### Task:
Omit the pictures and retype only the lines from the one containing "Panoramic view of" through the end of the listing, both ends included.

### The data:
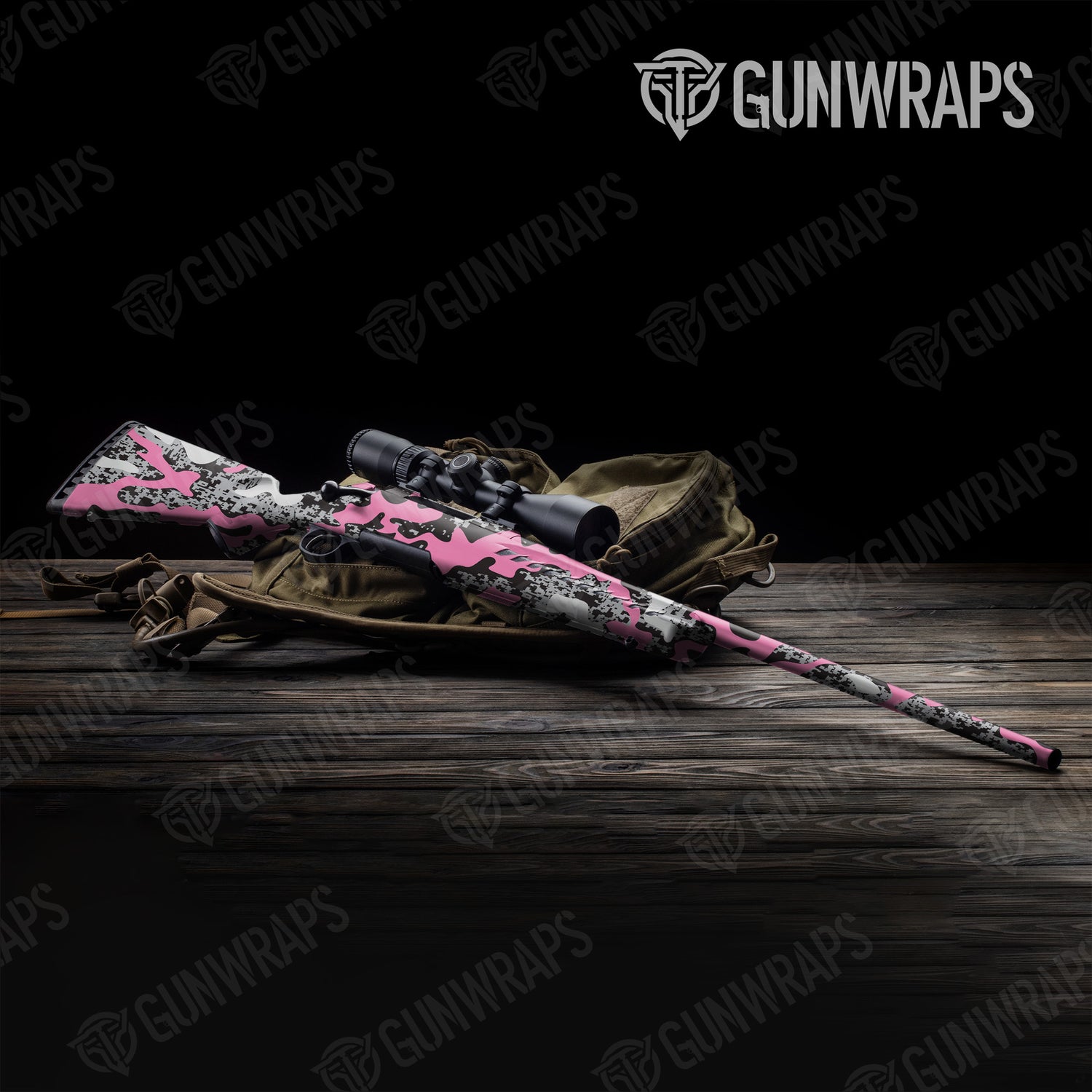 Rifle Compound Pink Tiger Camo Gun Skin Vinyl Wrap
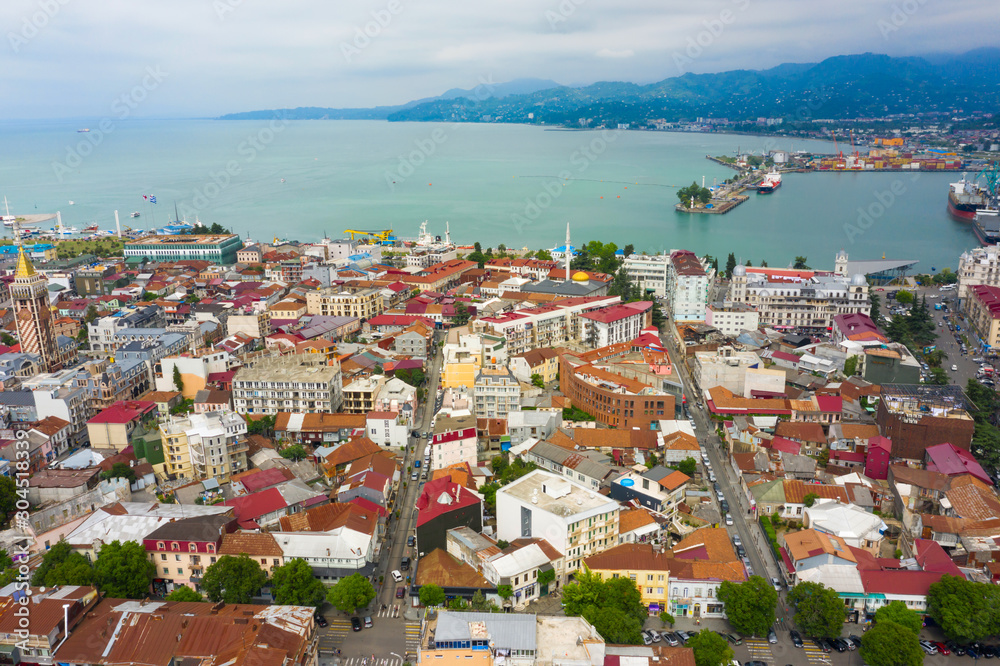 Panoramic view of Batumi, Georgia. Twilight over the old city and Downtown of Batumi - capital of Adjara, Georgia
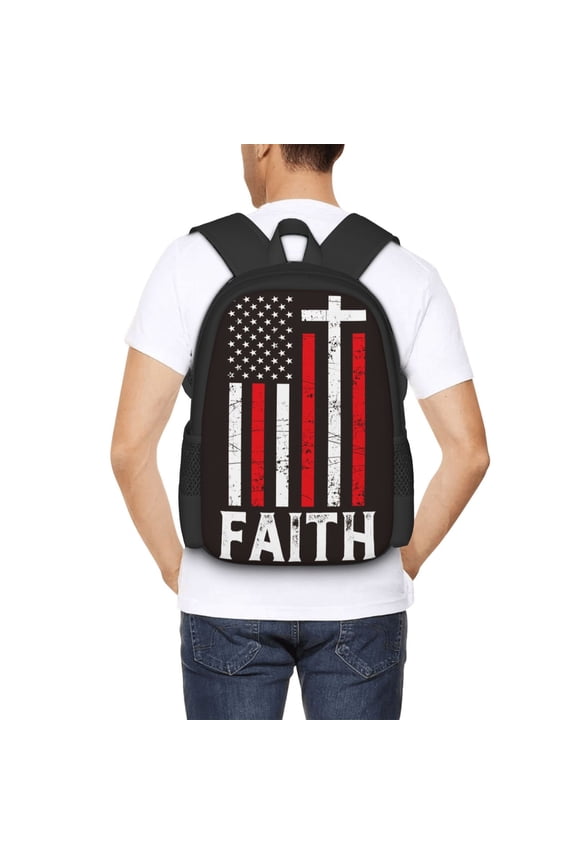 USA Flag Cross Backpack for Men and Women - Durable 600D Oxford Cloth -Large Capacity, Water-Resistant School, Travel, and Hiking Bag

### Answer:
 Panoramic view of Batumi, Georgia. Twilight over the old city and Downtown of Batumi - capital of Adjara, Georgia
 USA Flag Cross Backpack for Men and Women - Durable 600D Oxford Cloth -Large Capacity, Water-Resistant School, Travel, and Hiking Bag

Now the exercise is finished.